» Aim of the task: Write out exactly the lines below starting at the one containing "Fiat 500X City Cross" and ending at the one containing "Fashy Classic Shower Cap - Set - Pink". Omit every picture.

» Input data:
--

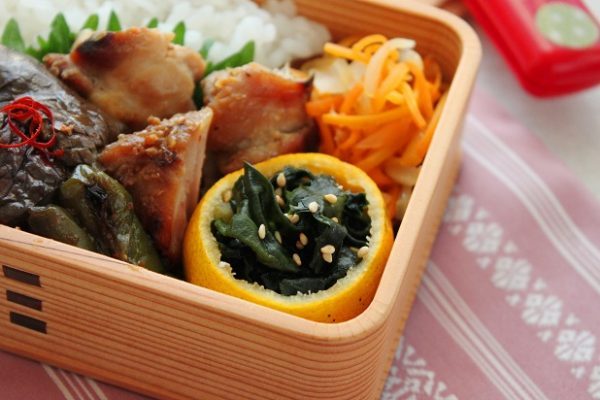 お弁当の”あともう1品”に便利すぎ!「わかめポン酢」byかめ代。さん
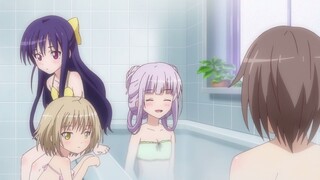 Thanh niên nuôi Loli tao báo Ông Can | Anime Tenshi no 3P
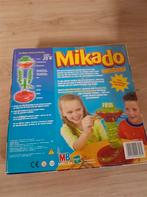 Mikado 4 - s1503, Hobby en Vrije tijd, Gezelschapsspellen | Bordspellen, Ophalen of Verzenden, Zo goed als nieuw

--

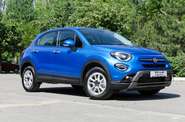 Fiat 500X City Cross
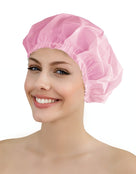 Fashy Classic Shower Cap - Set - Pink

--

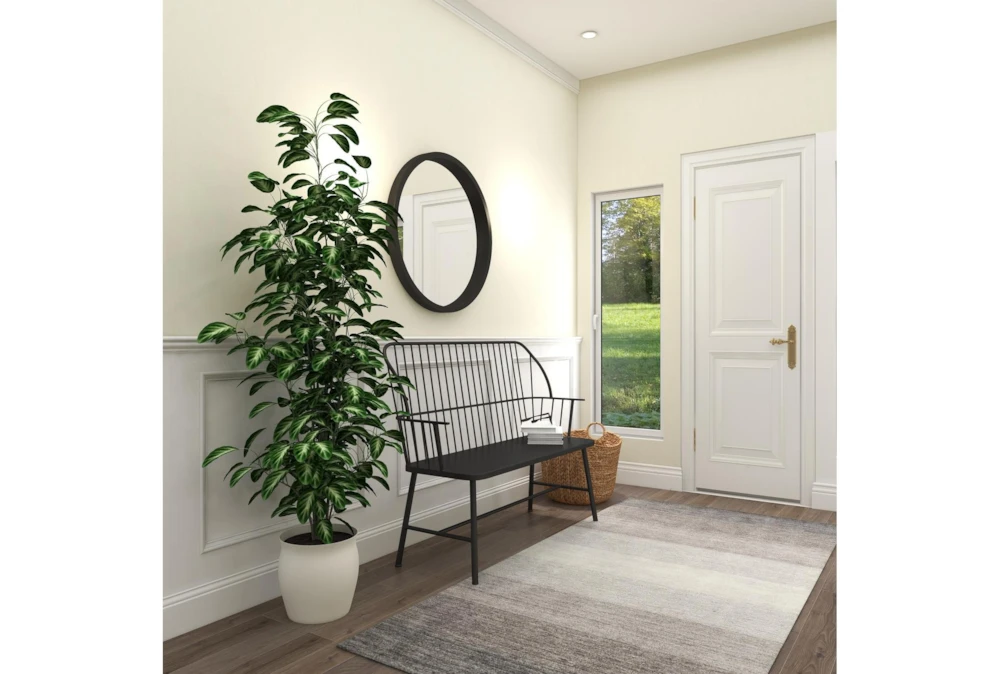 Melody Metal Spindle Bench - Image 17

--

» Response to the task:
 Fiat 500X City Cross
 Fashy Classic Shower Cap - Set - Pink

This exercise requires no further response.